Aim of the exercise:
Pictures aside, repeat the listing below exactly.

The data:
BEGIN

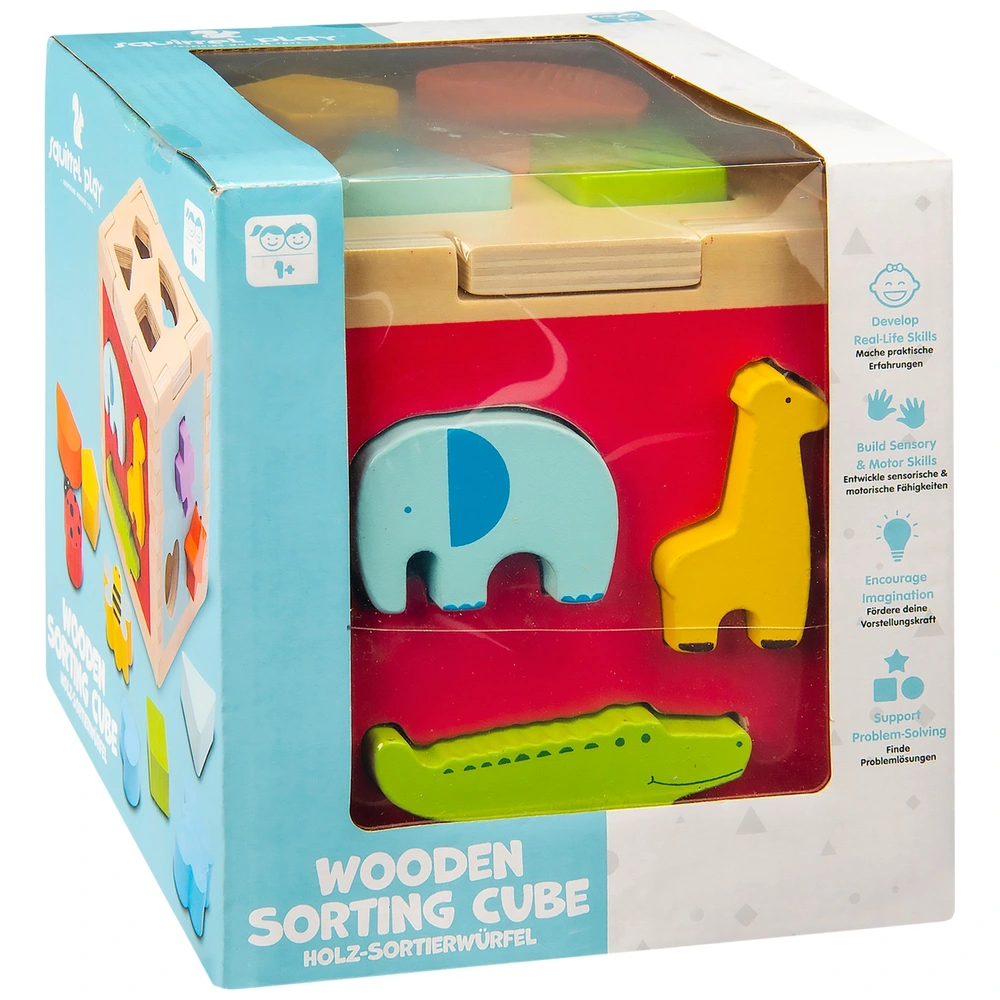 Cube Tri Formes Horloge + Perles Filetage Bois Itian - Jouet Éducatif Enfant Recto-Verso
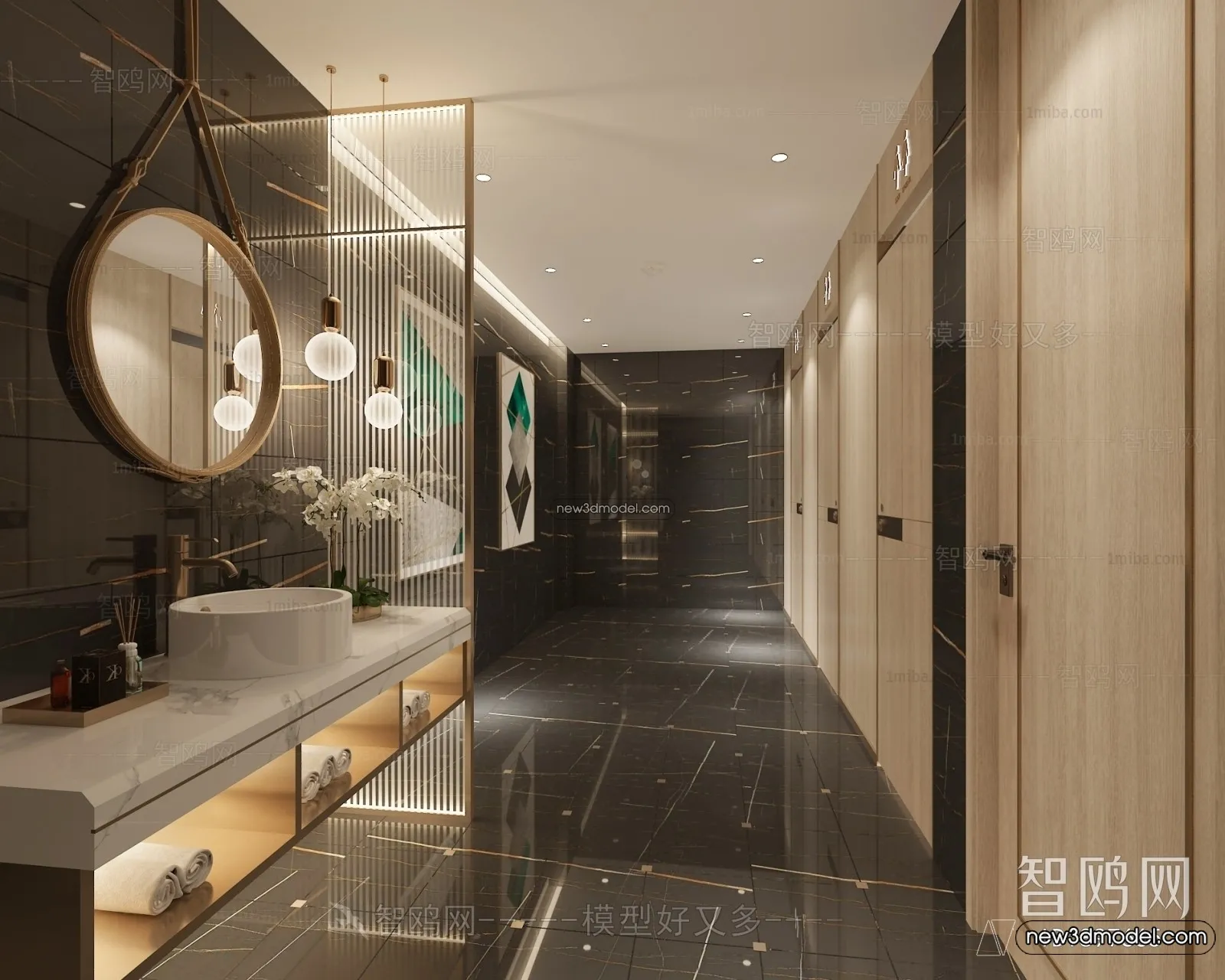 Public Toilet - WC - 3D Interior Scene - 3D Models - 136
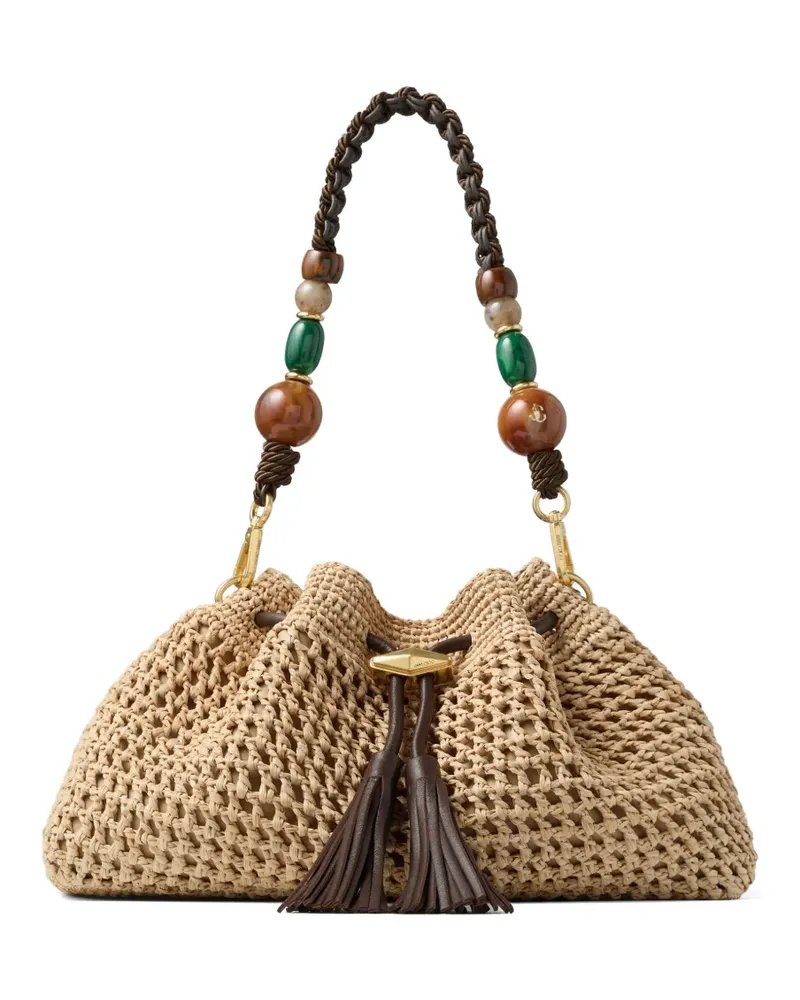 Jimmy Choo Cinch beaded shoulder bag - Nude Nude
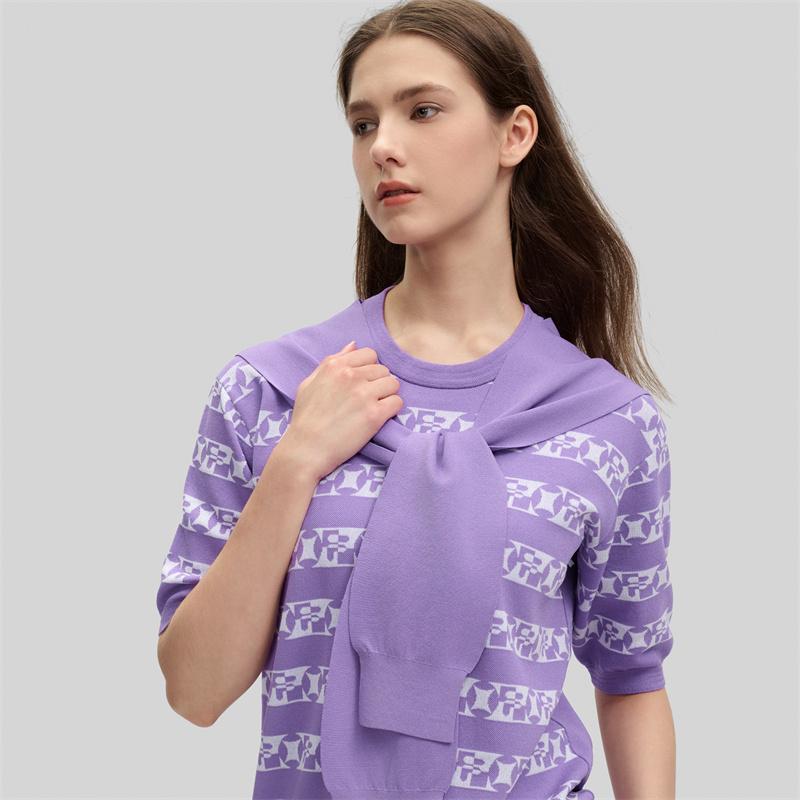 New FILA Knitwear Women's Jumping Purple F11W434407FPU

END

Output of the task:
 Cube Tri Formes Horloge + Perles Filetage Bois Itian - Jouet Éducatif Enfant Recto-Verso
 Public Toilet - WC - 3D Interior Scene - 3D Models - 136
 Jimmy Choo Cinch beaded shoulder bag - Nude Nude
 New FILA Knitwear Women's Jumping Purple F11W434407FPU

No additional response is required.